OPEN 24 HOURS
Padraig Reyolds, 2018, USA
Mary (Vanessa Grasse) has just been released from a mental institution for setting her serial killer boyfriend on fire – how’s that for baggage? She is barely keeping it together as she tries to embark on a normal life and gets a job at a remote all-night petrol station (you see, there’s your problem…). Things are made harder by the fact that she has the stigma of being called “The Watcher” due to the fact that her boyfriend The Rain Ripper (cue old classic rain-themed popsong) used to force her to watch him kill. …But she keeps seeing him right now: is she going crazy?
Despite the fact that it’s a pretty crowded story, it’s more of a grab-bag of tropes and red herrings to mask the fact that it’s your usual slender premise. There’s nothing wrong with that but the twists don’t really resonate as much surprise as they should and the whole premise of is she imaging it? runs out of steam pretty quickly. It’s nowhere near as tricksy and trippy as it should be. It also cheats in that the Rain Ripper seems to be able to appear whenever and wherever. Too long and without a good shave to sharpen itself up, ‘Open 24 Hours’ provides unremarkable genre diversion.
THE FIELD GUIDE TO EVIL
Yannis Veslemes, Ashim Ahluwalia, Can Evrenol, Severin Fiala, Vernika Franz, Katrin Gebbe, Calvin Reeder, Agnieszka Smoczynska, Peter Strickland, 2018, USA- New Zealand
There’s always one FrightFest film that induces unintentional humour, but it’s not usually the arty subtitled one. On paper, this looks like a winning premise: eight tales from folklore and myth by a variety of international directors. Fiala and Franz’s opening story, “Die Trud” has the quietude and pace that speaks to the patience of European cinema: in a time ago, a couple of girls try to conduct a love affair but only seem to summon the eponymous monster. It’s promising and despite the vivid and troubling Trud itself, the story seems to go nowhere – although I am willing to accept that perhaps this impression is because I am unfamiliar with the legend. The man next to me just threw up his hands in bafflement when it ended. But what is most interesting about this and Katrin Gebbe’s “A Nocturnal Breath” is that the summoned monster is embraced by the women for sexual freedom.

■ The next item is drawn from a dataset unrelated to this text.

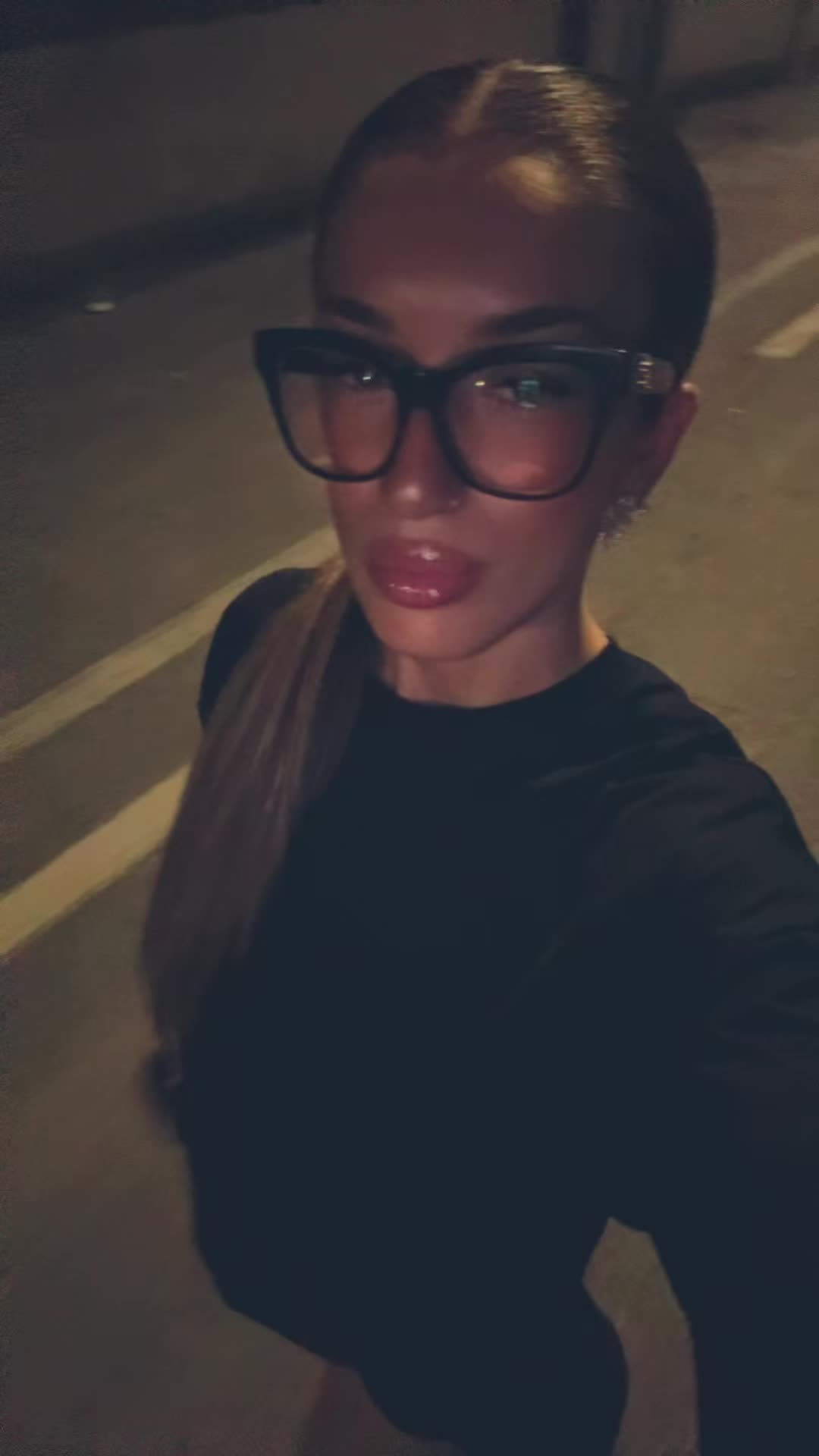 @Klamela.rroku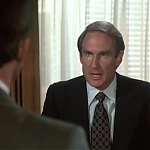 HILL_STREET_BLUES_-_E1X17_JUNGLE_MADNESS_PT_2__459.jpg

But there was a little response of bafflement to most of the tales. As Kim Newmanwrites, “many of the episodes have an unfinished, anecdote-like feel typical of often-told stories handed down with contradictions and ellipses.” There was outright laughter at the revelation of the melon-headed cannibal children (Calvin Reeder’s “The Melon Heads”). That, and the references to “fucking up a goblin” in "What Ever Happened to Panagas the Pagan ?" caused much laugbter. This Yannis Veslemes’ episode is so frantically edited and dark that I gave up trying to understand what was going on (forgive me: I am watching a lot of films here). Peter Strickland’s “The Cobbler’s Lot” perhaps proved the most satisfactory, channelling his inner Guy Maddin to conjure the ludicrous and nasty nature of his tale.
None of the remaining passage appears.